We also binge-watched several favorite movies, including V for Vendetta, Jumanji, and The Lord of the Rings trilogy. I seriously can’t wait to have internet at home so we can use Netflix again. We have SO many things to catch up on.
Here’s to hoping that next weekend’s plans don’t get foiled.
***I’m breaking things up here with a little creative writing piece I wrote on a ferry ride in Greece, inspired by some beautiful doors I’ve seen throughout my travels. Enjoy!***
She was always finding them. Or, rather, they were finding her. Doors that led to absolutely nowhere…or so it appeared.
The first one came to her when she was very young, leaning against a pile of overgrown brush in her family’s garden. It was old and well-worn and looked as if it might crumble to dust against even the lightest of breezes. This thought never even crossed her mind. She was too curious for that. She pulled on the handle and stepped through.
This, she soon realized, was where the fairies lived, twinkling brightly in their lush green abode. They fluttered around her, whispering their secrets, made her promise not to tell. They fed her honeysuckle nectar, adorned her hair with wildflowers, and told her she would always be welcome in their world.
The next door came sometime later, when her family moved to a new house. As she was hanging her many sweaters in her brand new closet, she saw it peeking at her, tucked away in the back corner. Where did it go? She wondered to herself. The tiny knob popped open, revealing just enough room for her to crawl through. A cluttered room buried in dust showed her its face. It was there that she first met the ghost that lived in her house; the one that had been there for hundreds o years. She told her her life story, her death story, and told her never to be frightened when she went bump in the night.
She never really made a point of looking for them. The doors, they just kept finding her. Like when she went to her first party and saw door to an old shed swinging in the wind, beckoning her to go through it. It was there that she first heard the wind speak as plain as day.
Then there was that time she went backpacking through the mountains. She stumbled upon it while she was hiking along the trail, carved right into the ragged rock: an old door, like one might find on a house. By now, she knew the drill; she couldn’t resist. She was greeted warmly by a mountain troll, who graciously made her dinner over a campfire and guided her by torch through the mountain – a considerable shortcut to her final destination. The firelight danced among the many glittering gems that lined the tunnel walls – the troll’s treasure stores.

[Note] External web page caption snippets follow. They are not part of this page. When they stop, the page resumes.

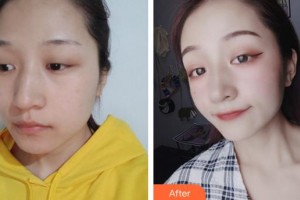 合肥東南眼科醫(yī)院夏博整形價格表附開內(nèi)眼角案例展示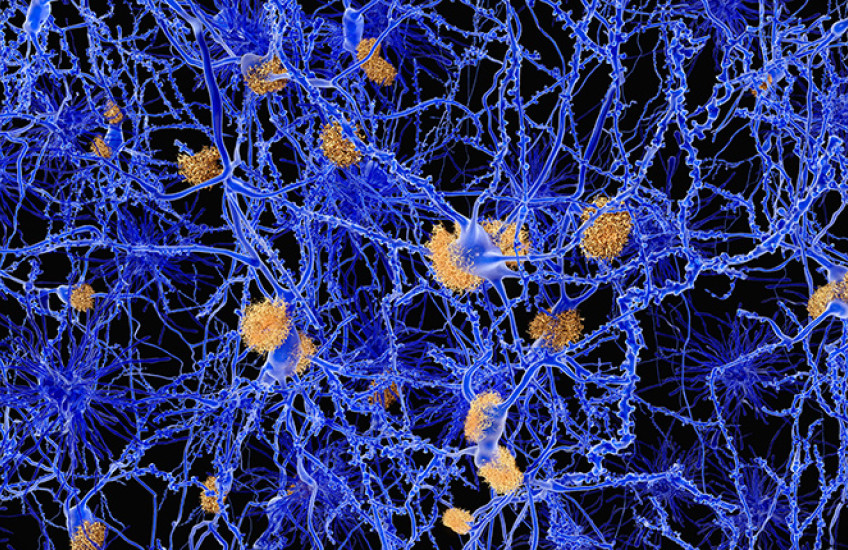 Alzheimer disease, neuron network with amyloid plaques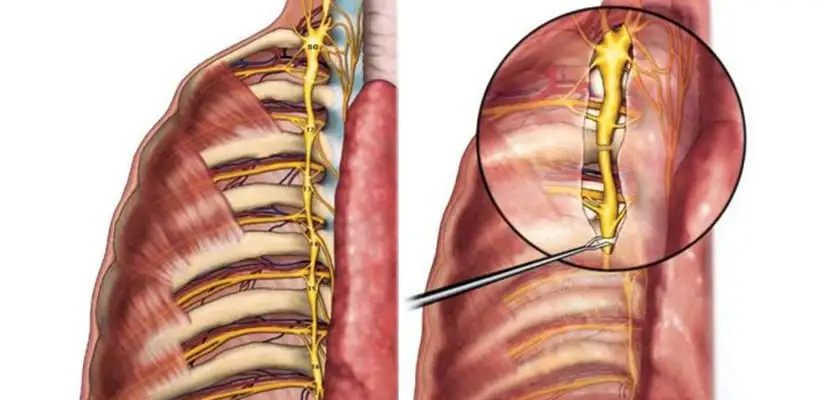 Hyperhidrosis Surgery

When she bought her first place, a tiny cottage in the meadow, she knew it was meant to be when she saw a single door propped up on a stairway, overgrown with daisies. She put down her moving boxes to climb those stairs, going up and up, until she noticed that she’d already gone through the door and was now climbing right into the sky, as if on solid ground. She kept climbing until she reached the clouds, where she waited until the sky grew dark and sparkled with starlight. It was their that she first met her lover, and they met there every night thereafter.
Yes, the doors, they always find her. Even as we speak, she’s standing before yet another abandoned door. As other passersby walk on, ignoring the magic that stands before them, she reaches for the handle and wonders what lies in store for her on the other side.